My problem is I have an array of objects of size N. after every time (t+1), some of the values of the array may or may not change. so lets say t+1 index 15 changes but everything else stays the same.
What is the most efficient way to store something like this (in memory ) apart from just having an array of arrays of course? I want to be able to get all the values of the array for any time, say getValues(long time) in the most efficient way possible.
Say for 4 arrays
time 1 null null null xyz
time 2 null null abc xyz
(note that only abc changed here) but we still keep the values of the last index from time 1.
What you are asking for is known in the academic CS field as "partially persistent arrays". For more information about persistence, see the survey of Kaplan.
One simple solution is to use search trees instead of arrays. You can use purely functional balanced search trees to guarantee that each read or write takes O(lg n) worst-case time (where n is the size of the array), instead of O(1) time. (If you keep the time-stamped versions in an extendible array, adding a new version is O(1) amortized and accessing an old version is O(1) worst-case.)

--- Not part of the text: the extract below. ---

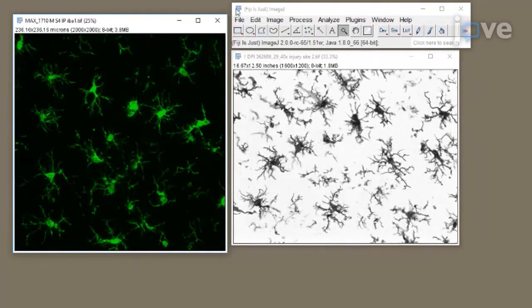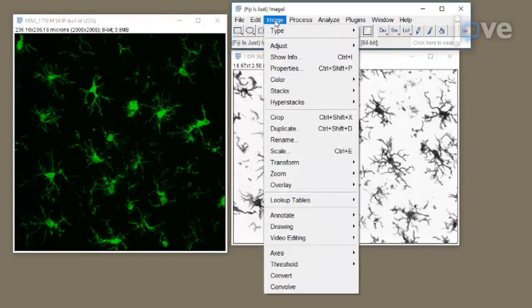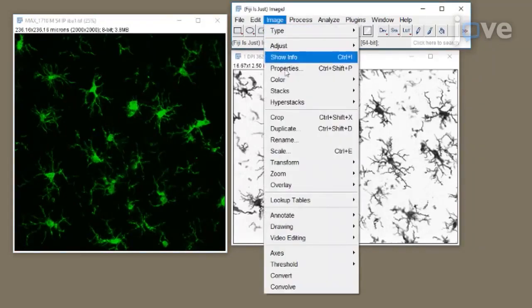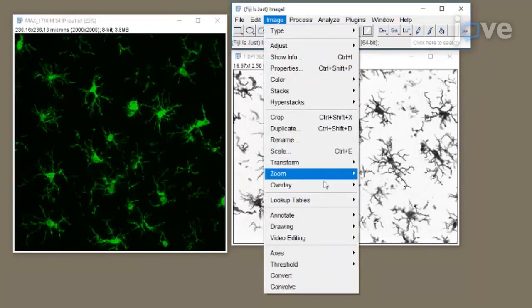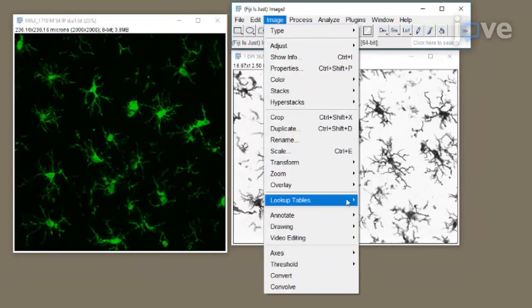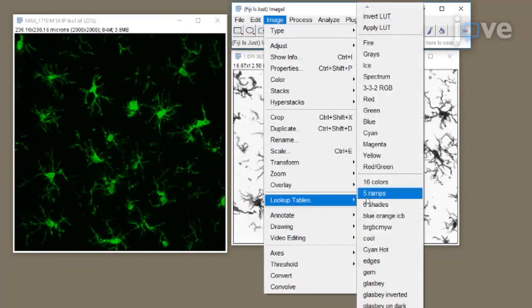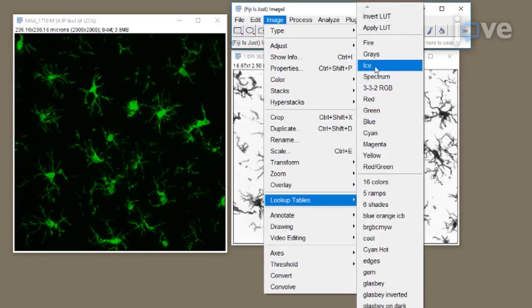If using a fluorescence photomicrograph, ensure the image is 8-bit and convert to grayscale to best visualize all positive staining. Use the toolbar and click Image, Lookup Tables, Grays.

If you are not familiar with purely functional search trees, you might read this introduction to Clojure's persistent arrays. They are purely functional trees indexed fixed-width integers (in the form of a trie), and thus have fixed depth. This might be the fastest solution to your problem, both worst-case and real-world.
The only other partially persistent arrays that I am aware of may take longer in the worst case. Some have better amortized complexity and some have better expected complexity if arrays are accessed in various restricted ways.